WHAT YOU WILL DO:
Reproduce exactly the run of lines that begins with the one containing "твердый Белокуриха" and ends with the last line of the records, omitting pictures.

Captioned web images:

####################

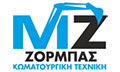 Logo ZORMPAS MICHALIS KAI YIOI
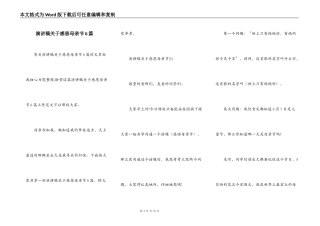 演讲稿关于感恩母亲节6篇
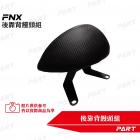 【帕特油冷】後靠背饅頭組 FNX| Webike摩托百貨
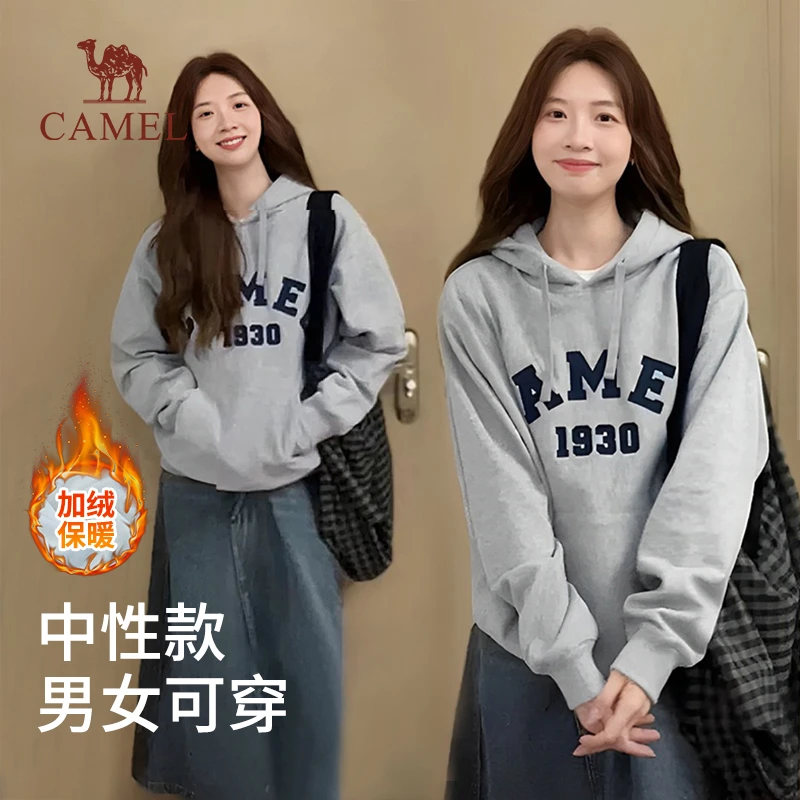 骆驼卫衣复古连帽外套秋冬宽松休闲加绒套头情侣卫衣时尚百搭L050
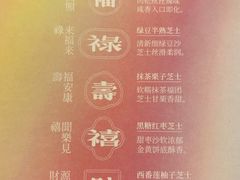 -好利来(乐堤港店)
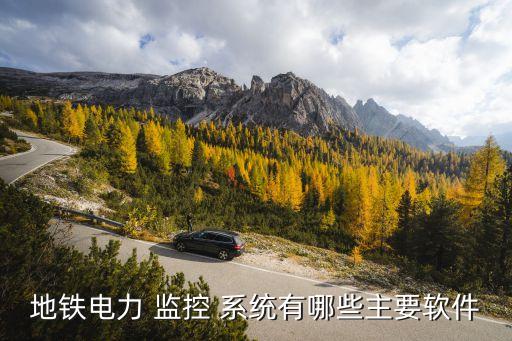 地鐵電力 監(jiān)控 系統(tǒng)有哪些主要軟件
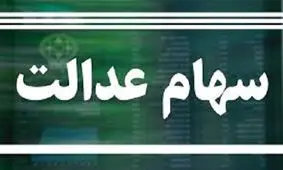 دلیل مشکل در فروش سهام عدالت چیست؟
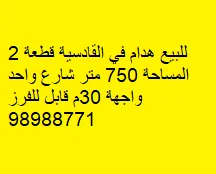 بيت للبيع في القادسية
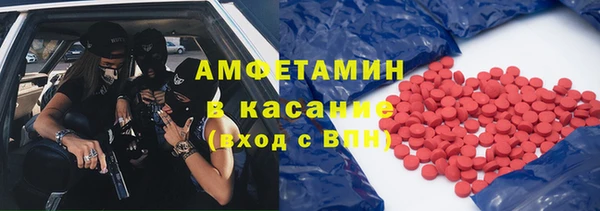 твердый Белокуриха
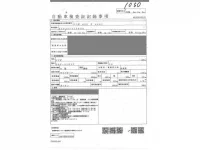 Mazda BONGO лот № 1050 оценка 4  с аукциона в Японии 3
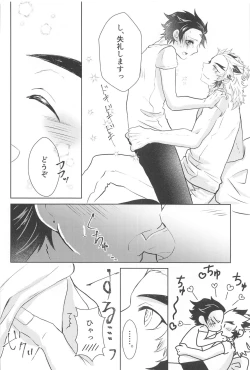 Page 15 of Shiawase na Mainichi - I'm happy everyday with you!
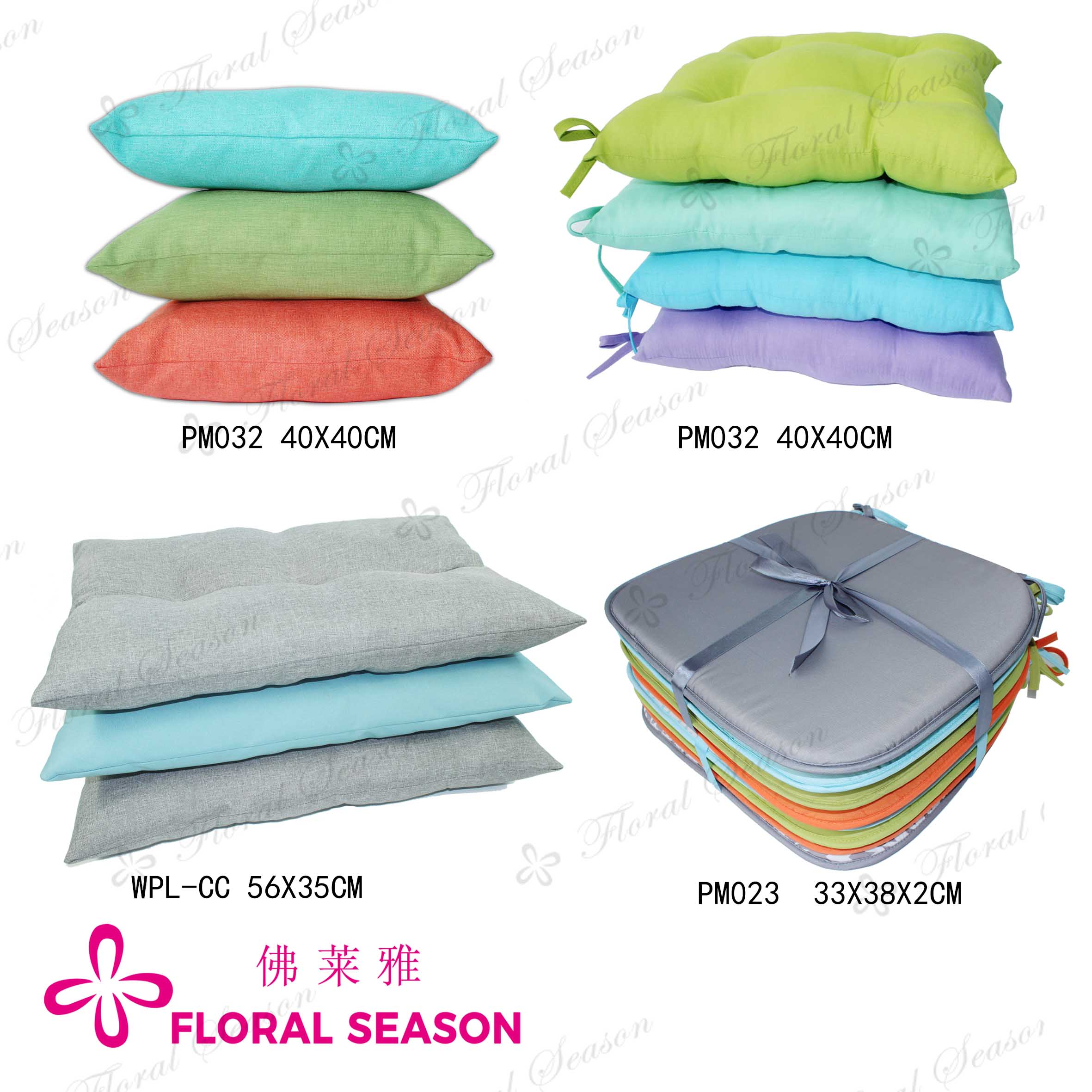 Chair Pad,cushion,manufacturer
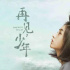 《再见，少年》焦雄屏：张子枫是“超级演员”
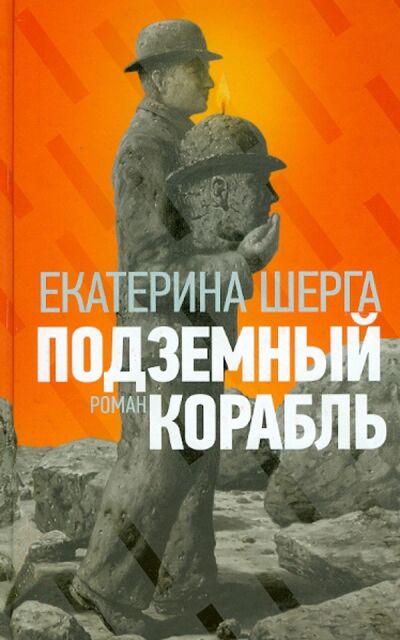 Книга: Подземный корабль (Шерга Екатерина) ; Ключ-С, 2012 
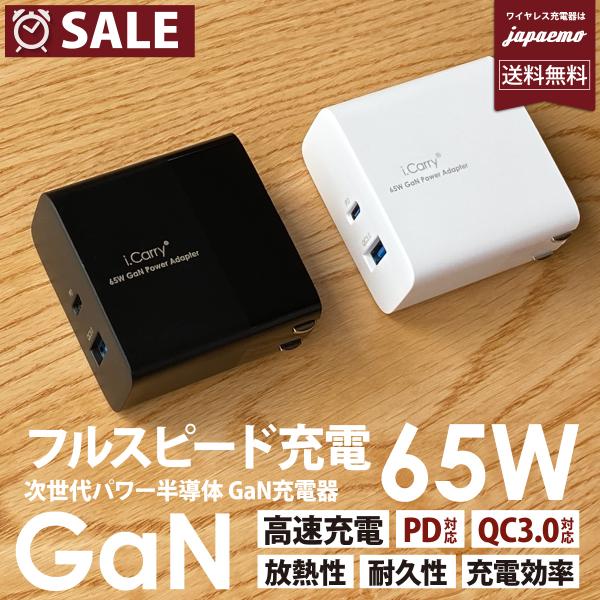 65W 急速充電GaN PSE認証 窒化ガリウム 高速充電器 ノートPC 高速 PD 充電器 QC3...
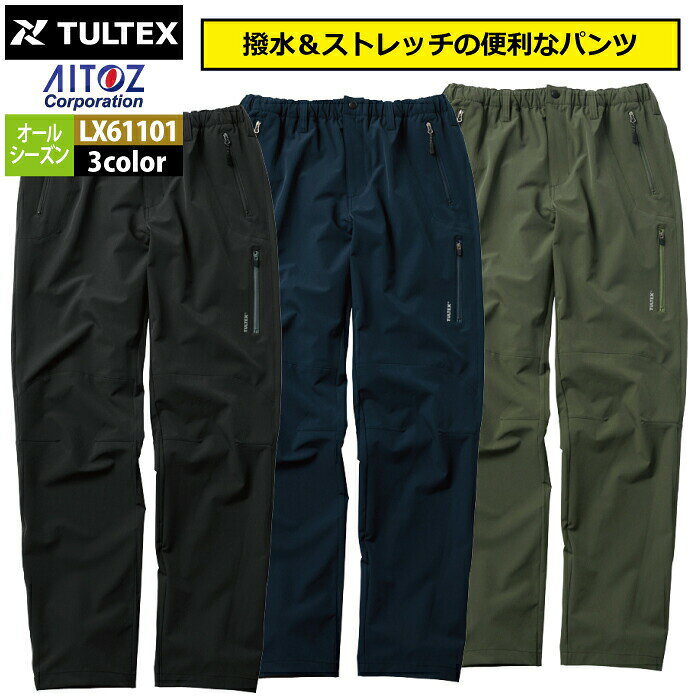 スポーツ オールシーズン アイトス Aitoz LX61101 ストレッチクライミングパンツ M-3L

####################

THE ANSWER:
 твердый Белокуриха
 Mazda BONGO лот № 1050 оценка 4  с аукциона в Японии 3
 Page 15 of Shiawase na Mainichi - I'm happy everyday with you!
 Chair Pad,cushion,manufacturer
 《再见，少年》焦雄屏：张子枫是“超级演员”
 Книга: Подземный корабль (Шерга Екатерина) ; Ключ-С, 2012 
 65W 急速充電GaN PSE認証 窒化ガリウム 高速充電器 ノートPC 高速 PD 充電器 QC3...
 スポーツ オールシーズン アイトス Aitoz LX61101 ストレッチクライミングパンツ M-3L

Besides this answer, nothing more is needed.